For the younger kids (and even for many of us who are beginning to see gray in our beards) the viciousness of this turnaround was stunning - going from being able to afford expensive houses to being considered one of the lucky ones if you had parents who could put you up in their spare bedroom proved a powerful blow to a lot of people, shaking them up and making them realize how truly random such wealth could be -- and how duplicitous other people could be, if they thought that they could use greed to control you.

I've been through this cycle a couple of times before - I entered into the programming marketplace in the mid-1980s, when career counselors were advising people not to go into computers, there was no future in it, and again in the multimedia bust of 1994, before the Internet really began to heat up. The tech field's like that ... sometimes you ride the big waves, and sometimes it's better just to take your board out of the water and spend the time waxing and repairing it, because the surf is about as flat as it can be.

Curiously enough, though, the real innovations that occur in the field don't occur when the economy is red-hot and the potential for making money is strongest - in fact that's usually the worst time. Your judgement becomes clouded because you're not asking the question "does this solve a real need?" but rather "can this make me rich?". No, the real breakthroughs come when you're sitting at home, chatting with friends via IRC (IM for you newbies) or email lists, playing with ideas or flaming away the dross, putting together something just to see if it can be done. There's a new toolkit I want to play with, there's an idea I saw that I think could work here as well, we need to figure out where the holes are in this specification, because they're causing real interoperability problems.

A surprising number of programmers are also musicians, though not necessarily world class ones. Part of the music/programming association, I suspect, has to do with the analytical nature of music, but a bigger part is that a musician is in his or her own way also a technician, someone who is interested less in the money than in making their tools do something really cool. The process of innovation has reminded me more than once of an extended jam session, continuous improvisation off a theme. Any musician knows that not all such jam sessions produce great music -- often what they produce is just noise, and the musicians just shake their heads and agree to meet again next week. Sometimes, though, everything clicks, everyone finds themselves in the groove, and before you know it the music ends in the wee hours of the morning with the participants exhausted but happy (and I"m deliberately avoiding another obvious metaphor here).

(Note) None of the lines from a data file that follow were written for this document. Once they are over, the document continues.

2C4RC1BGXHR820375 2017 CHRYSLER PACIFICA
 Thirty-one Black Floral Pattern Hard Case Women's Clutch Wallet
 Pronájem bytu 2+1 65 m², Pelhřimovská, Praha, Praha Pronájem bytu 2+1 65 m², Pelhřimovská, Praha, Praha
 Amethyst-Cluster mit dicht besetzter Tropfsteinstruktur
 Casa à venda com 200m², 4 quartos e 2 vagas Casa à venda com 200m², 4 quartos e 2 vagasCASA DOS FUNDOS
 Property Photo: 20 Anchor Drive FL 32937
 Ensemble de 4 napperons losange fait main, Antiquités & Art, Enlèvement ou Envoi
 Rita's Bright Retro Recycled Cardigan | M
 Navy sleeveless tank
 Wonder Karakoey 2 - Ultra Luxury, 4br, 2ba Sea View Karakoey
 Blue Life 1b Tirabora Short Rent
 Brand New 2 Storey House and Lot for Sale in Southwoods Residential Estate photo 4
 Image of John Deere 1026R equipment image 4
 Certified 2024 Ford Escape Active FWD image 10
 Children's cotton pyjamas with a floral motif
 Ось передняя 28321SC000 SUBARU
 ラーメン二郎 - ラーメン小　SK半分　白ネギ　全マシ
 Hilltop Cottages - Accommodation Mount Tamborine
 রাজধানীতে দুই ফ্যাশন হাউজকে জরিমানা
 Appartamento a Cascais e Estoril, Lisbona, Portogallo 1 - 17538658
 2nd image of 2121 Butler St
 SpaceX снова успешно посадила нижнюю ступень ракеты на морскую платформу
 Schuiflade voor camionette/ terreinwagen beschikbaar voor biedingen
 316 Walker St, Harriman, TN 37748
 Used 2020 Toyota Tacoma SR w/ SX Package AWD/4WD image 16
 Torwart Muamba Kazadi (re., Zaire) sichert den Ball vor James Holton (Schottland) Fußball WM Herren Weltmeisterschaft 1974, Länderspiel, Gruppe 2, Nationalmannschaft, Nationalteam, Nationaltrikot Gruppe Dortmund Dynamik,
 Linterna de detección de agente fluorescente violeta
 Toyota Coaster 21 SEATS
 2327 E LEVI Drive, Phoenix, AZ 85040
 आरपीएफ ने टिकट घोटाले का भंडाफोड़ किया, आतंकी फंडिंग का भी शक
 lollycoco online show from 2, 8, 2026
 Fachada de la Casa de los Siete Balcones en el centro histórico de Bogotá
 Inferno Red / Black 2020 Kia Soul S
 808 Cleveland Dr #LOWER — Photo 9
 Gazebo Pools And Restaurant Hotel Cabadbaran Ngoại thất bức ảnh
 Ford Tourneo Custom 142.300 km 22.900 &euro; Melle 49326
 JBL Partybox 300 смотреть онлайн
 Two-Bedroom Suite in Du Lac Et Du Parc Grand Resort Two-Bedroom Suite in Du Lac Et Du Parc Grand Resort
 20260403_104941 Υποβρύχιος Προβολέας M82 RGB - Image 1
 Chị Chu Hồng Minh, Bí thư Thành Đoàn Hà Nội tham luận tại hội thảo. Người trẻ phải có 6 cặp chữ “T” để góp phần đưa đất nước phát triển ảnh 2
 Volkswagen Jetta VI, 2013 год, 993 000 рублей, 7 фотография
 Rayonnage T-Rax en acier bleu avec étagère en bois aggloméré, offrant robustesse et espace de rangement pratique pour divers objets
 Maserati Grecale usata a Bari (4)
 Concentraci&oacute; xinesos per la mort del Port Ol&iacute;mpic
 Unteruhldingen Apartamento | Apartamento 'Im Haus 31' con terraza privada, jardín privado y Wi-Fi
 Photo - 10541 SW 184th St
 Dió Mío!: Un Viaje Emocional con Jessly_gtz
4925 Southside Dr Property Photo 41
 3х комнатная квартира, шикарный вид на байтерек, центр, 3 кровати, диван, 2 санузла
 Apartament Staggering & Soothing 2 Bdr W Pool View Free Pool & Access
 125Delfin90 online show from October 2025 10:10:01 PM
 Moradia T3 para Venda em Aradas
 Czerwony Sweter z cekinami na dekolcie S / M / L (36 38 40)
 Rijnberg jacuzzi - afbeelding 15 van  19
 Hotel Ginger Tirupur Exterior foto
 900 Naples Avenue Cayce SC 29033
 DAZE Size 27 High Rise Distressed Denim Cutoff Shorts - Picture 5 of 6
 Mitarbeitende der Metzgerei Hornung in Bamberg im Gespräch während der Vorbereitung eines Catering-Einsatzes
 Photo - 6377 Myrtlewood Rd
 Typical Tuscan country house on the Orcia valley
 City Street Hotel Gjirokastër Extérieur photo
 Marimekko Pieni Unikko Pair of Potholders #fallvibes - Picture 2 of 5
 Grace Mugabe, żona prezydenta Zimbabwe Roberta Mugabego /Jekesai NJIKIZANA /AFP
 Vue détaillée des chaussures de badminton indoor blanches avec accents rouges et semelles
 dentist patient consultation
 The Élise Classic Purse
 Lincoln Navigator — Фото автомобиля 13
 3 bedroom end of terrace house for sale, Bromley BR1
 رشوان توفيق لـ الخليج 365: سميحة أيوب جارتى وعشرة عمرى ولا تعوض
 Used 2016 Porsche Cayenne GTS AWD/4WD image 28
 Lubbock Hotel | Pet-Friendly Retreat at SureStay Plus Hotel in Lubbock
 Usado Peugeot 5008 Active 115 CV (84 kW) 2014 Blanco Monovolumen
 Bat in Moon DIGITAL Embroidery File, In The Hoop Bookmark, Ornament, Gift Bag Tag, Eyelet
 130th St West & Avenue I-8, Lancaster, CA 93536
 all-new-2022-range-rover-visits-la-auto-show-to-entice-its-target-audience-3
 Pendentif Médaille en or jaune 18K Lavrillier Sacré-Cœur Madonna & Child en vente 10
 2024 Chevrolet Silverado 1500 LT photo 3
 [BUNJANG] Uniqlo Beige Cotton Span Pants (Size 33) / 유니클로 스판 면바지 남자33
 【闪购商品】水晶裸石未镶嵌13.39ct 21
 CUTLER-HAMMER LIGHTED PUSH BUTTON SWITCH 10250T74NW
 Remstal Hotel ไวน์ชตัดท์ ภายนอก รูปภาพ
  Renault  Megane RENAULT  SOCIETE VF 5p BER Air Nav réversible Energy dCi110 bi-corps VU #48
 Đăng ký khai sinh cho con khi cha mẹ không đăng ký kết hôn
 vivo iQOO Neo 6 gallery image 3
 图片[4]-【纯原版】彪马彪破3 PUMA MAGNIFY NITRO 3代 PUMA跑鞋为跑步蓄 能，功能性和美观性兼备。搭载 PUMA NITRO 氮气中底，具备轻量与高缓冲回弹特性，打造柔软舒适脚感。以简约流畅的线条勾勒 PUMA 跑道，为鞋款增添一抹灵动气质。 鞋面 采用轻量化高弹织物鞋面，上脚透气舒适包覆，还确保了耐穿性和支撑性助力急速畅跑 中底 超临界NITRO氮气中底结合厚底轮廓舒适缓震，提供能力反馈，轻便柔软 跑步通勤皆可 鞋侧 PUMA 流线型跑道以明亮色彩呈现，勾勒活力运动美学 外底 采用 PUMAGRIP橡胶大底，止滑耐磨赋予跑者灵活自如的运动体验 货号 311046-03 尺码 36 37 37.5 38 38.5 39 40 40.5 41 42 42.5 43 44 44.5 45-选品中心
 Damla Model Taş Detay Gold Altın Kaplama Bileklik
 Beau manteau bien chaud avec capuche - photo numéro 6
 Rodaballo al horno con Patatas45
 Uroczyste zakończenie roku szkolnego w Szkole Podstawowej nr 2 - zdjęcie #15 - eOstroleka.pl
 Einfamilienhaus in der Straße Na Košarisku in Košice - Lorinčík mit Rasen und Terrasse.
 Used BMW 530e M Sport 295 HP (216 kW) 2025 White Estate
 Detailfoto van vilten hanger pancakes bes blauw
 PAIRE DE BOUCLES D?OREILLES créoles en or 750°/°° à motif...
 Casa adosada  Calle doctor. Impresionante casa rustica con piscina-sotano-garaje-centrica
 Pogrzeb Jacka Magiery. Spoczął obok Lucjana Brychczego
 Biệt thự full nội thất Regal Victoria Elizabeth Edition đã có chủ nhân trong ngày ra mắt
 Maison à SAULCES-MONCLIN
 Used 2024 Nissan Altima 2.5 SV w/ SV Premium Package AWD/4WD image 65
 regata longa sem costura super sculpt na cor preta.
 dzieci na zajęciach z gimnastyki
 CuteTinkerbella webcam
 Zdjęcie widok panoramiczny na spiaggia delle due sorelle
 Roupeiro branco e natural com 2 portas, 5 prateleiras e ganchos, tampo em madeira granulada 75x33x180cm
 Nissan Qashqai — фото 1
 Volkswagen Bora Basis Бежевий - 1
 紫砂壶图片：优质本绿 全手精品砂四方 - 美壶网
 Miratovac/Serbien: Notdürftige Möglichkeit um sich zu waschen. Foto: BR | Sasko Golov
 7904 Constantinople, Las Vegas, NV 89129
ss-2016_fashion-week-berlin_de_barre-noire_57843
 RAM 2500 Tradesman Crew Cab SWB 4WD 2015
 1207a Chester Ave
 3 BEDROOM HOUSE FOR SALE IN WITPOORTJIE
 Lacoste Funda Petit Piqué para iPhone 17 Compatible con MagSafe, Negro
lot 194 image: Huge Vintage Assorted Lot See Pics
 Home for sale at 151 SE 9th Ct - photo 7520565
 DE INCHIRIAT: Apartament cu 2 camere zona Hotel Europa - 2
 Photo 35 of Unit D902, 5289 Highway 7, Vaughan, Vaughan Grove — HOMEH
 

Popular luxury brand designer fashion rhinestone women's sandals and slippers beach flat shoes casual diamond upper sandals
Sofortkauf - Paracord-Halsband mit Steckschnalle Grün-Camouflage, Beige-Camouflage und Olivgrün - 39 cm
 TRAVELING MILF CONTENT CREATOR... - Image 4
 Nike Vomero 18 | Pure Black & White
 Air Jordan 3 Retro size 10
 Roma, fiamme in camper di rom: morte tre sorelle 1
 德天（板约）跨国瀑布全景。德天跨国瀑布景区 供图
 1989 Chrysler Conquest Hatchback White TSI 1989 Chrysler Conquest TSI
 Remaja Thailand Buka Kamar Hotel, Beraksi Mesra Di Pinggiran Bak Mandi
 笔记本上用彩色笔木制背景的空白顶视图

Lately I find that the meaningful work that I'm doing is not coming from the 9 to 5 grind, the thing that keeps the roof over my family's heads. It comes despite it, in the interstices, through the improvisational conversations that we all seem to be engaged in. There are some profound things shaping up in the software field right now ... things that have occurred not because a CEO somewhere had a grand initiative to add another billion dollars to the bottom line but because, in coffeehouses and pizza parlors and IRC chats and e-mails, people have been playing the music of innovation and inspiration, of trying to build something because it needs to be built, profit be damned.

The cycle is shifting yet again, the momentum building, the ideas exchanged at two in the morning at Starbuks going to make the next BIG THING. No doubt the former jocks and marketing types will begin to circle soon, sensing the potential for making money off these things that they did not create, were not a part of. I suspect they may discover that smart people can be fooled once, but that smart people by definition also learn very, very quickly. Yet I also pity these people, the ones that once reviled us by calling us geeks, for I suspect that deep down they have no music in their souls, that they will never know the real joy of creation.

No code today, though I promise some tasty morsels soon. Until then ... enjoy!